The process would be two steps: take a database snapshot of the current state (with the orphan report issue.) then restore to the older backup with the most accurate data. All Crowdmap deployments would be restored to active data as of Monday, March 5 02:30 UTC. This ensured that no active data will be corrupted. We anticipated that the restore might have some data missing. With the snapshot of the most current data, we planned to run a comparison of the deployment data sets once the restore was complete.
The database restoration process took much longer than we anticipated. We escalated with our hosting provider. On the morning of March 7, 2012 10:00 UTC, our hosting provider offered us two alternative courses of action for the restore. We selected the Bare Metal Restore. Or, at least we thought we had. The database restoration took most of March 7th UTC. Once we ascertained that the restore was going slower than expected, we escalated again. On the morning of March 8th UTC, we were advised that the restore actually simply followed the previous restore path. This was corrected by our provider. Within 4 hours, we were back online and began testing.
Crowdmap Services were Offline from the morning of March 6 - 8, 2012 for 44 hours.
Lessons Learned and Changes
Crowdmap customers deserve uptime. We were already working on a redundancy and scalability project for the Crowdmap service and this downtime has made this project our sole effort on the Crowdmap team. Everything is changing from how we deploy new code and database changes to the architecture of the databases themselves. The timeline has been set for April. We will be announcing a maintenance window for that change closer to the date. This change will include an improved backup plan so we will reduce the possibility of major outages like this from occurring again.

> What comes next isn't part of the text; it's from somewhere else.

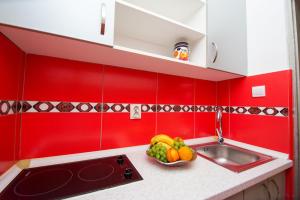 una cucina rossa con un cesto di frutta su un bancone di ACIKA apartments a Rafailovici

We’re working on a more rigorous quality assurance program for changes. We will add simulation plans to test our responses for emergencies. And lastly, we will be creating a deployer alerting email list. You can opt in to receive notifications for outages or important updates.
Some of these changes will take time but we want to let you know that we are committed to meeting the lessons we’ve learned with action. Thank you to each of our deployers and community members for their support and patience.